Roger Hoesterey, a 20+ year BelPres attendee, thinks about this issue daily as the CEO of Eden Reforestation Projects, an international non-profit organization that works to combat deforestation in third world countries by hiring locals to plant trees.
Roger grew up traveling across the country by car as his family moved from the east coast to west coast to east coast and back to the west coast again. On each of these cross-country trips, his family would visit national parks and he decided he wanted to become a National Park Service Ranger.
He attended UW where he received a degree in Forestry and then he became a Park Ranger right after college. Roger has “always had a passion for God’s creation and the outdoors, and vocationally I’ve been lucky to do that.”
After leaving the National Parks Service, he worked for Bellevue Parks and Community Services for 20 years, and then for 15 years worked for The Trust for Public Land (TPL) as the Senior Vice President and Western Division Director. During his time at TPL, Roger also volunteered his time as a board member on a couple of non-profits and he was given the chance to travel internationally.
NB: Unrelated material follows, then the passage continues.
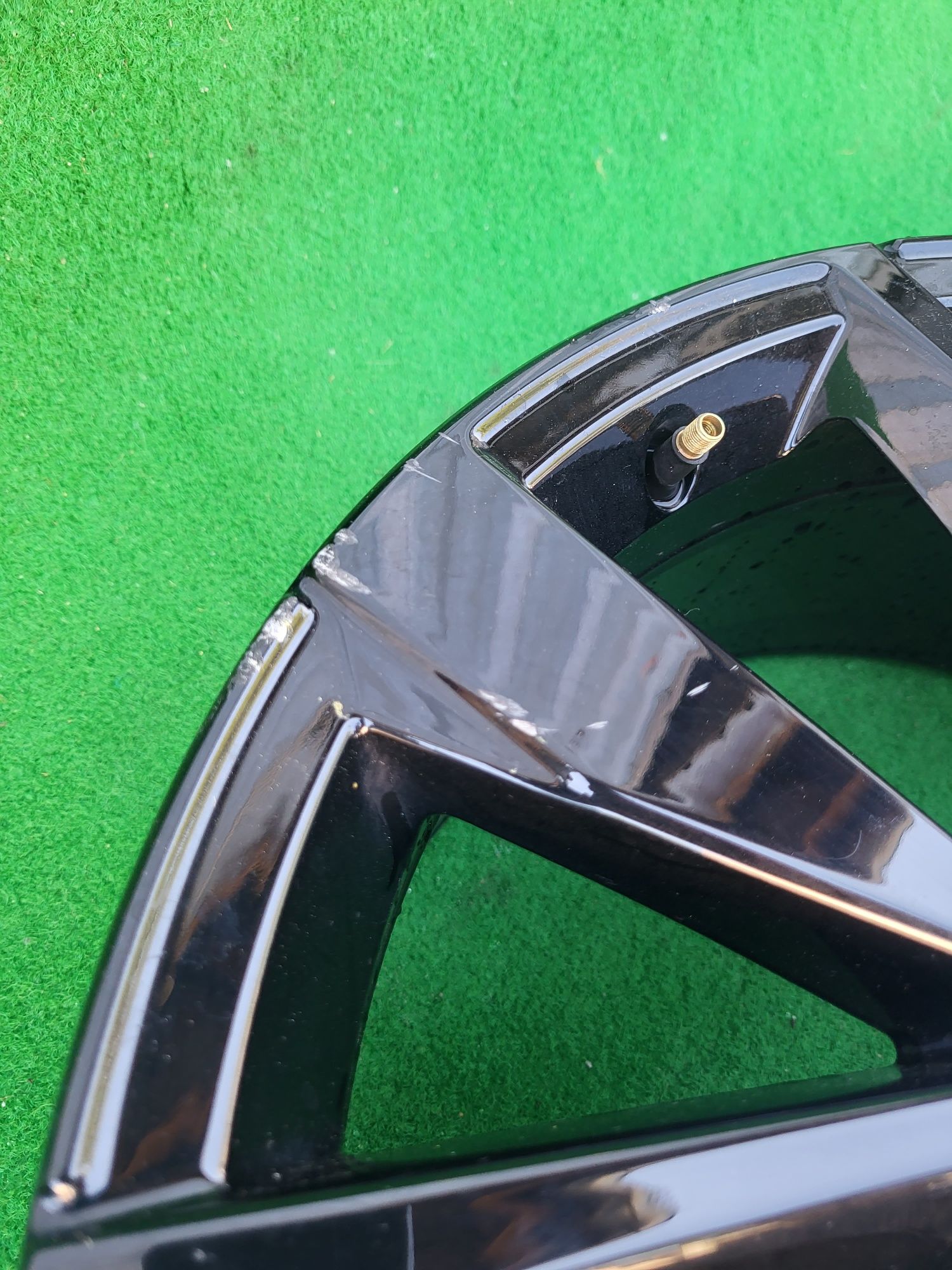 Felga VW R-Line Taigo 7x18 Et39 5x112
These opportunities allowed him to see how ‘the bottom billion’, the billion poorest and most vulnerable people, are suffering when their environment is destroyed because they wake up every day and they cannot go to QFC. “When their environment is trashed, their life quality is super low.” Additionally, unemployment in third world countries is incredibly high.
Witnessing the struggle people in these countries face daily, Roger had an idea of how to bring change to the environment. Around 2010, he spoke on “Conservation, Faith, and Social Justice” at a conference and was approached by a board member of Eden Projects International who told him, “I know a guy who is already doing this and he needs help.” Eden Projects works in areas affected by deforestation to reduce poverty and restore forests. He describes Eden as “a small, but highly effective non-profit with the mission of poverty reduction through environmental stewardship. [Eden] employs local villagers to run native plant nurseries, plant trees, and restore their surrounding environment.” Roger joined the board of Eden after the conference and about two years ago he was asked to be the organization’s CEO.
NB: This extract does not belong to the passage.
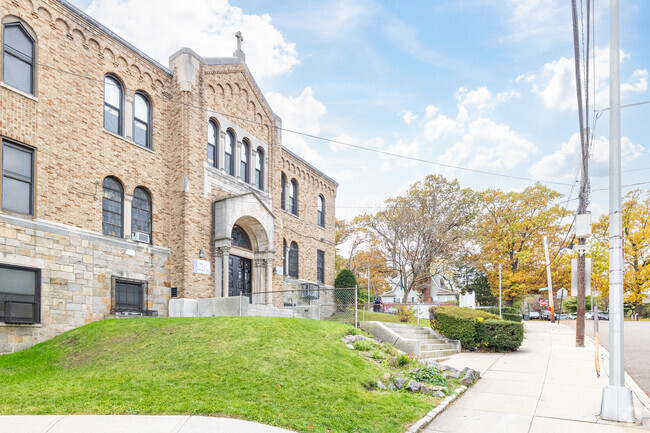 Immaculate Conception Catholic Academy in Queens is in a residential community.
To move into the position of CEO was an act of trust in God’s plan for Roger and his wife, Cathy. “To leave a pretty secure, really good job [at TPL] and see if I could help out this way was a huge leap of faith.” Eden Projects is a much smaller organization than TPL and his salary would reflect that shift. But he felt the Holy Spirit nudging him to use his knowledge and talents as a manager in an international, charitable direction and in November 2014, Roger moved into the CEO position.
This decision did not come easily, but Roger credits hearing a song on the radio, “I Refuse” by Josh Wilson, as the final push from God. These particular lyrics stood out to him: “But I refuse cause I don’t wanna live like I don’t care. I don’t wanna say another empty prayer. Oh I refuse, to sit around and wait for someone else to do what God has called me to do myself. Oh I could choose not to move, but I refuse. I can hear the least of these cryin’ out so desperately.” After hearing these words, his yearlong struggle to decide ended.
Roger says, “I’ve always had a heart for the poor and I’ve always know a lot and cared a lot about creation. So the whole concept of creation care and working with the poor has been there, but I hadn’t put the two together; they had always been separate.”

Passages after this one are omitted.